As discussed before, the box beam arm that spans that gap from the base to the weight has been designed to be very strong in bending. The reason for this is that we wanted to reduce the loss in lift height that results from arm deflection. The final arm design is very stiff under the load of the weight, and is barely affected by torsion forces due to its orientation to the weight and the platform. This results in an arm that deflects very little at the end and provides an ideal anchor point for the lifting mechanism.
In designing an arm with a direct path to the weight, we required a platform that was offset from the vertical base. This allows the arm to connect to the base diagonally and gives us room to deal with the torsion created by the offset of the arm.
This extended platform bolts directly to the arm that we have created and is supported below by two metal strips. On the leading edge of the platform, we placed a U-channel strip to counteract the compressive forces. On the back edge, we placed a strip in tension to counter the moment created by the arm under load. However, the base still twisted a little under the load, and we placed two pieces of metal to counter the twisting. This results in alternating tension and compression members supporting the base and the platform.
Base Tensioning Device (Quasi-Turnbuckle)
Upon constructing the new base, we found that even accurately cut pieces did not perfectly align. So we integrated a manual tension adjuster into the structure. It operates similar to a turnbuckle except that both screws are threaded in the same direction and it requires a screwdriver to be tightened or loosened. The idea is that tension is applied towards center of tower frame which places the entire frame in compression
These strips were added to the design after we found that continual clamping and unclamping was weakening our base structure. These strips lie diagonally across the base and significantly improve clamping effectiveness by holding down the edges of the vertical supports.

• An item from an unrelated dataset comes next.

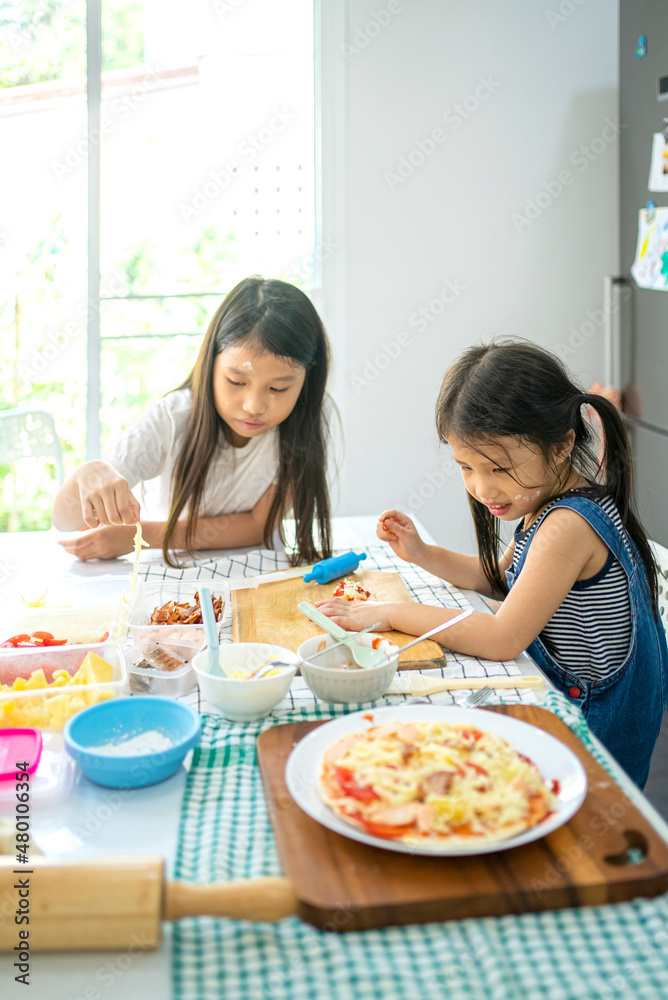 Asian girl in casual dress having fun while make pizza with prosciutto, tomato, cheese, vegetables in home kitchen. family and relationship concept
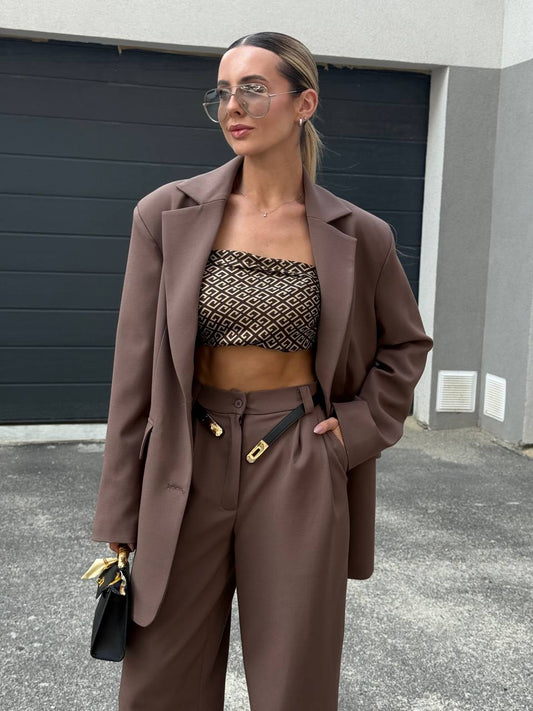 Woman in a brown outfit standing in front of a garage door.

The initial iteration of the lift arm had a gear reduction but was limited in its lifting capabilities by its moment arm. We wanted to increase the lifting height of the structure and to do so we needed a longer swing arm and more torque. To accomplish this, we used a counterweight. Our counterweighted swing arm had to be located entirely on the weight side of the obstacle since the opening would not allow for a full swing. Therefore, we had a limited size for the entire length of the arm. Taking some measurements, we now had counterweights on one side of the arm that could now lift the weight nearly twice as high as our previous lifting mechanism.